We want to use the AWD-LSTM from [Stephen Merity et al.](https://arxiv.org/abs/1708.02182). First, we'll need all different kinds of dropouts. Dropout consists into replacing some coefficients by 0 with probability p. To ensure that the averga of the weights remains constant, we apply a correction to the weights that aren't nullified of a factor `1/(1-p)`.

In [None]:
#export
def dropout_mask(x, sz, p):
    return x.new(*sz).bernoulli_(1-p).div_(1-p)

In [None]:
x = torch.randn(10,10)
dropout_mask(x, (10,10), 0.5)

tensor([[0., 2., 2., 0., 0., 0., 0., 0., 2., 0.],
        [2., 2., 2., 2., 2., 0., 2., 2., 2., 2.],
        [0., 0., 0., 2., 2., 0., 0., 0., 0., 0.],
        [2., 0., 0., 2., 0., 2., 0., 2., 0., 2.],
        [0., 2., 0., 2., 0., 0., 2., 2., 0., 2.],
        [0., 0., 0., 2., 2., 0., 2., 2., 2., 0.],
        [0., 0., 0., 2., 0., 0., 0., 2., 0., 2.],
        [2., 0., 2., 0., 2., 0., 2., 0., 2., 0.],
        [0., 2., 0., 0., 0., 2., 0., 0., 0., 0.],
        [2., 2., 2., 0., 2., 0., 0., 2., 0., 0.]])

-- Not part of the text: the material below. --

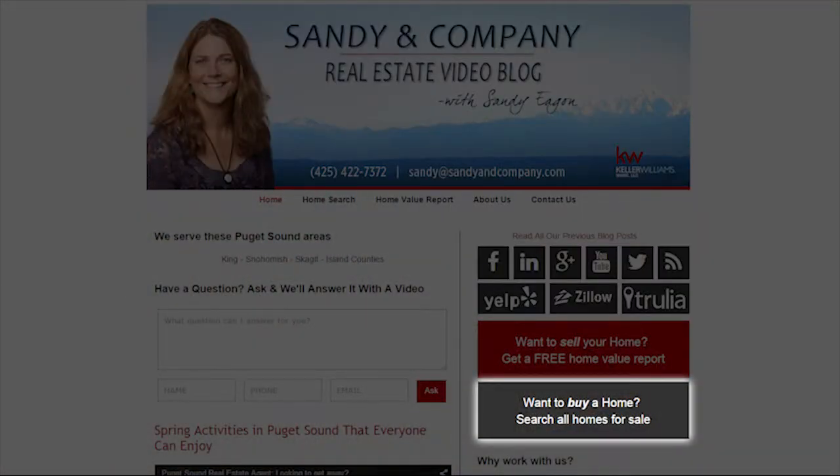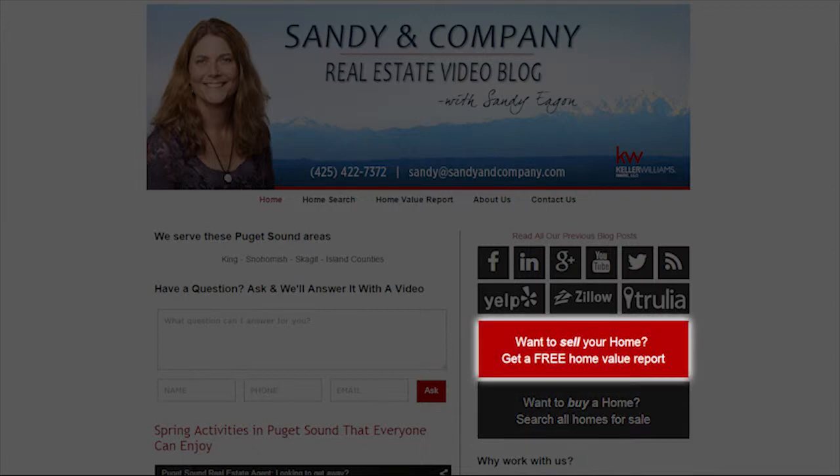Hi, this is Sandy Egan with Keller Williams Realty. We are talking today about making our homes places that make us smile. If you are looking for a new home, go ahead and click the link that says you'd like to search all area homes — we'll put together a personalized search just for you. If you're thinking about selling, click the box that says find my home's value and we'll come over and give you our five-step home review.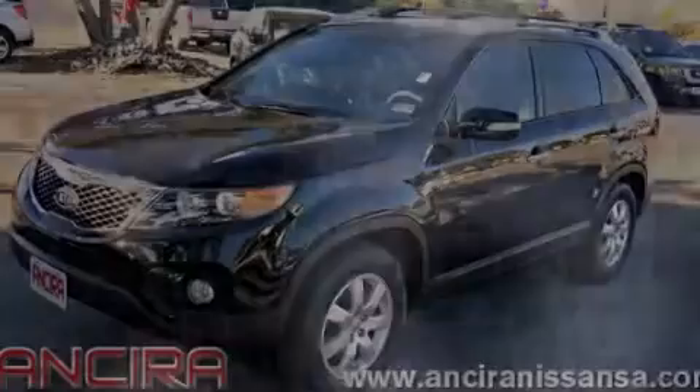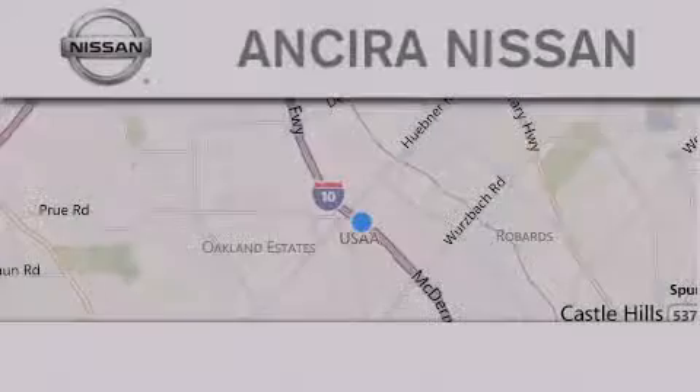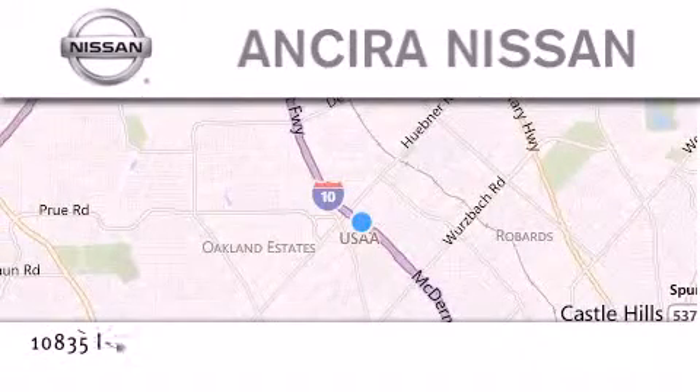Contact us today to arrange your test drive. Thank you for considering Ancira Nissan for your next new or pre-owned vehicle.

Once with have a dropout mask `m`, applying the dropout to `x` is simply done by `x = x * m`. We create our own dropout mask and don't rely on pytorch dropout because we want to nullify the coefficients on the batch dimension but not the token dimension (aka the same coefficients are replaced by zero for each word in the sentence). 

Inside a RNN, a tensor x will have three dimensions: seq_len, bs, vocab_size, so we create a dropout mask for the last two dimensions and broadcast it to the first dimension.

In [None]:
#export
class RNNDropout(nn.Module):
    def __init__(self, p=0.5):
        super().__init__()
        self.p=p

    def forward(self, x):
        if not self.training or self.p == 0.: return x
        m = dropout_mask(x.data, (1, x.size(1), x.size(2)), self.p)
        return x * m

In [None]:
dp = RNNDropout(0.3)
tst_input = torch.randn(3,3,7)
tst_input, dp(tst_input)

(tensor([[[-0.4715, -1.3210,  0.5567, -0.1550,  0.6257, -0.5021,  1.2980],
          [-1.3992, -2.8178, -0.3803,  0.0100,  1.6873,  0.5790, -1.8532],
          [-0.1775,  1.2794,  1.8237, -0.7937, -1.5842,  0.5972, -1.0857]],
 
         [[-1.8920, -0.9604, -0.6604, -1.0397, -0.9365,  0.0288, -0.8288],
          [ 0.9694,  2.8095,  0.1415, -0.1870, -0.6186, -0.2414,  0.1933],
          [-0.9919, -1.3077, -0.1721, -1.8967,  0.8264,  0.6205,  0.9652]],
 
         [[-1.5855, -0.9235,  0.8438, -0.0199, -0.1605,  1.0278, -0.7152],
          [ 2.4180, -0.9915, -1.4827, -0.4177,  0.3145,  0.0549,  0.7595],
          [ 0.1461, -0.9218,  0.0850,  0.1781, -0.0421,  0.4008,  0.0343]]]),
 tensor([[[-0.0000, -0.0000,  0.0000, -0.0000,  0.8938, -0.0000,  1.8543],
          [-1.9989, -4.0254, -0.5434,  0.0142,  0.0000,  0.0000, -0.0000],
          [-0.2536,  0.0000,  0.0000, -1.1338, -2.2632,  0.8532, -1.5511]],
 
         [[-0.0000, -0.0000, -0.0000, -0.0000, -1.3378,  0.0000, -1.1840],
          [ 1

Dropout applied to the weights of the inner LSTM cell. This is a little hacky.

In [None]:
#export
import warnings

class WeightDropout(nn.Module):
    def __init__(self, module, weight_p=[0.], layer_names=['weight_hh_l0']):
        super().__init__()
        self.module,self.weight_p,self.layer_names = module,weight_p,layer_names
        for layer in self.layer_names:
            #Makes a copy of the weights of the selected layers.
            w = getattr(self.module, layer)
            self.register_parameter(f'{layer}_raw', nn.Parameter(w.data))
            self.module._parameters[layer] = F.dropout(w, p=self.weight_p, training=False)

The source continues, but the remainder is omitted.